• Task to carry out:
For the records below, output every line from the one holding "4902 Higgins St #B — Photo 22" through the final line, unaltered, and no other lines.

• Available data:

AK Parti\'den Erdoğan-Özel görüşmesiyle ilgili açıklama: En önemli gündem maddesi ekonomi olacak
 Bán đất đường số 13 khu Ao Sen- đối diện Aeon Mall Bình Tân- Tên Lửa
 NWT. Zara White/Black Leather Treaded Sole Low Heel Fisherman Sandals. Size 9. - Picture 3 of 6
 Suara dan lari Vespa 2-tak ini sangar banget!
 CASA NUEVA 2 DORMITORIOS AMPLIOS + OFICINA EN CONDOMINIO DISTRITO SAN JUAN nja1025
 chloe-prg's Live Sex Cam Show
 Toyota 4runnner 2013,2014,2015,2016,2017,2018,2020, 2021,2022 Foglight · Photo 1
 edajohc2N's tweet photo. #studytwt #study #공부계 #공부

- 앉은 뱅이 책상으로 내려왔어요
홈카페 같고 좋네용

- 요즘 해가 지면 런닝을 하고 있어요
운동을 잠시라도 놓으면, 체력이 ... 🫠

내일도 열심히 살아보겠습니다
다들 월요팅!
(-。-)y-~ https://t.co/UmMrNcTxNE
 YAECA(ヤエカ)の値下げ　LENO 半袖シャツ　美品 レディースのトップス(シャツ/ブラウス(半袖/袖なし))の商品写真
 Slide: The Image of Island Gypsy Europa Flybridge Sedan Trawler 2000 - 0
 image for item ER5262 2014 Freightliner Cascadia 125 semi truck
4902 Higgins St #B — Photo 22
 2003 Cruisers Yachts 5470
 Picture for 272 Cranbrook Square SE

• Answer to the problem:
4902 Higgins St #B — Photo 22
 2003 Cruisers Yachts 5470
 Picture for 272 Cranbrook Square SE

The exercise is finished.